I think you’re probably getting RMS’s personality confused with the larger original concept that software to which we have source code gives us the freedom to make it better or maybe worse, or the freedom to leave it alone.
> I got lost somewhere between a discussion of
> “Information Wants to be Free”, and the
> over-generalization…
I did too.
Seems like quite a leap. And it seems like a *massive* over-generalization to say that open source philosophy is fundamentally anti-capitalist and/or anti-intellectual property.
Alright, then, Tom and John, tell me how you can envision development teams who have the passion and enthusiasm to do world-class software development, like The Gimp, as just one example, reacting when someone says “I want to know if you’d like to write a book about it that we’d only make available to people who paid money for it”?
I could well be wrong, there are certainly plenty of books about open source software on the market. I’m just voicing my impression that when compared to a variety of other Acquisition Editor areas, being an AE in the open source community would seem particularly challenging…
Dude, I think you’ve fallen off the edge of a cliff.
You state:
> there are still lots of people who believe that
> anyone who makes a dollar off of the labor of
> anyone else is inherently evil somehow, in a
> weird, incoherent sort of quasi-Marxist
> interpretation of modern capitalism.
1. Who are these people? I haven’t met them in the Open Source community just yet. Perhaps they hang around Marxist / Leninist clubs I don’t frequent?
2. Please describe the “quasi-Marxist” interpetation inherent in the Open Source philosophy. Footnotes, too.
You then state:
> I’m just not entirely sure about whether you’d
> want to throw yourself to the lions by working
> within the open source community to find people
> willing to make a buck off of open source
> projects.
You mean …. like companies that use Apache to build web sites that generate revenue? (such as yourself).
You mean … like anyone who wants to create their own (proprietary) version of BSD?
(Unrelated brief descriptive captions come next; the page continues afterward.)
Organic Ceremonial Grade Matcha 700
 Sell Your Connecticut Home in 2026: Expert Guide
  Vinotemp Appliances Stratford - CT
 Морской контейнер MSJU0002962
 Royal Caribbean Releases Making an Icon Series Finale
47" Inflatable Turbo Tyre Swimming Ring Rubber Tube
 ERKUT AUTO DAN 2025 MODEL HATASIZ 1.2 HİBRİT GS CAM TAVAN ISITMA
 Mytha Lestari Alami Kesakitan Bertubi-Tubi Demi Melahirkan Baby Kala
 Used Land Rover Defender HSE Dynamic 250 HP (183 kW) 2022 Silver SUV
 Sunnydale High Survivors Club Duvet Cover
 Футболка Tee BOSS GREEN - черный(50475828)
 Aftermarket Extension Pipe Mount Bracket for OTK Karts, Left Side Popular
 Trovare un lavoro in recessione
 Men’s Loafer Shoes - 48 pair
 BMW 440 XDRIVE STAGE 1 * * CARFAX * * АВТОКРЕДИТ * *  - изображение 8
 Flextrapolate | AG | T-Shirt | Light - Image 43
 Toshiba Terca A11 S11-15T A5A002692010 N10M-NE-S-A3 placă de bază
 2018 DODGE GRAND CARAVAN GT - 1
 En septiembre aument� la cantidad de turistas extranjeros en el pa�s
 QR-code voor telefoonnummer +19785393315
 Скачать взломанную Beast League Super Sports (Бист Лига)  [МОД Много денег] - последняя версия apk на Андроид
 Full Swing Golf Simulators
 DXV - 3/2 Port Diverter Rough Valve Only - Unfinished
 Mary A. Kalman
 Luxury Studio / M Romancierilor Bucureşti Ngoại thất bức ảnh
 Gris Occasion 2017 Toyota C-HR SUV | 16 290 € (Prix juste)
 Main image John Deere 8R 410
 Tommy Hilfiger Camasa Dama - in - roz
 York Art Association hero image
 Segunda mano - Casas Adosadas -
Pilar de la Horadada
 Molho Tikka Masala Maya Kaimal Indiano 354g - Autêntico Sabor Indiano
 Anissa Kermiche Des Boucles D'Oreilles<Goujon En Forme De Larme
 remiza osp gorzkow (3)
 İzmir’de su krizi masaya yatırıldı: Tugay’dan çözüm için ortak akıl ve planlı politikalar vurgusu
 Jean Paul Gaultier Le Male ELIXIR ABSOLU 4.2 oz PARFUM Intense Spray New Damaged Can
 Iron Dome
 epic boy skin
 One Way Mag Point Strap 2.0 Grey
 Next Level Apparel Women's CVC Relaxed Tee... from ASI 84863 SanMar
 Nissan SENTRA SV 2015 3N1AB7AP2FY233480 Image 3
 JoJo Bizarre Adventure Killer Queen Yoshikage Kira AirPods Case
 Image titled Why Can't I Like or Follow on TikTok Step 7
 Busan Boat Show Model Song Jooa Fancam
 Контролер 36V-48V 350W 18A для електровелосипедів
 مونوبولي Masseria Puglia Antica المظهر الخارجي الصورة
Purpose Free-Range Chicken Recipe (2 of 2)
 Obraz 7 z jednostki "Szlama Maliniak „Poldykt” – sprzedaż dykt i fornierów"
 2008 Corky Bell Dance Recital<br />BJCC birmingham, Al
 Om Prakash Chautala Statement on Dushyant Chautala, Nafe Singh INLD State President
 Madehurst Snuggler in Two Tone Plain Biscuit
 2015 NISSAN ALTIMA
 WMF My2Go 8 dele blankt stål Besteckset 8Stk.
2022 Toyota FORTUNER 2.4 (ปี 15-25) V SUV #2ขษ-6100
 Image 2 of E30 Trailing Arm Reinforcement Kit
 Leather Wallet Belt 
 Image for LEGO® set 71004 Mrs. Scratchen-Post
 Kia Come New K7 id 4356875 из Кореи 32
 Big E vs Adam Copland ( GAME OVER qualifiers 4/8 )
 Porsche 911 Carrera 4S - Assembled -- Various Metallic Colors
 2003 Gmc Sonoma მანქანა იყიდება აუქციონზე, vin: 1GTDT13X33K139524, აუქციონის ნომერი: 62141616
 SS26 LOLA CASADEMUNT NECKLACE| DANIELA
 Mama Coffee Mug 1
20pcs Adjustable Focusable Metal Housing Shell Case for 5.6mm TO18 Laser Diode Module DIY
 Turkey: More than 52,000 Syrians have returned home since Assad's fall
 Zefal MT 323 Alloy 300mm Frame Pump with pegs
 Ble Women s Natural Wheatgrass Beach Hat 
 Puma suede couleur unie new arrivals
You mean …. like anyone using Perl? or PHP?
You mean …. like the authors of all those PHP, Perl and Linux and BSD books?
Yeah. God forbid anyone should make a dime off of Open Source projects ….
Tom, we’re clearly not going to get anywhere in this discussion. What you’re talking about at the end of your comment doesn’t even seem relevant to what I’m talking about in my original article. That’s fine. We’re obviously not talking about the same thing at all.
If others would like to jump in and share their perspectives, that’d be helpful, perhaps.
My apologies, Dave. I think I was just getting a bit punchy here due to some events that have nothing to do with your web log.
I didn’t mean to insult you, nor did I mean to denegrate your original post. I was just getting hyper-defensive about open source (as I often do). I’m not an OS zealot, but my hackles get raised whenever I read anything that kinda sounds like “open source is anti-(fill in the blank)”.
Again, my apologies.
Dave, I am not disagreeing with you about the challeneges of the AE job. Not to put too fine a point on it, but GIMP is a GNU project, not an Open Source (TM). Your choice of software informs the answer to your follow-up question significantly in my mind. For instance, would the answer be different if you had choosen to ask Mozzilla as an example instead?
That’s a good point, John. I always think of the FSF as a vocal subset of the open source community, but perhaps that’s where i err in this case. Hmmm….
The open source community has always sought a balance between “information wants to be free” and “people want to be paid.” But there has always been a good market for books among open-source software users; that’s how O’Reilly built the core of their business.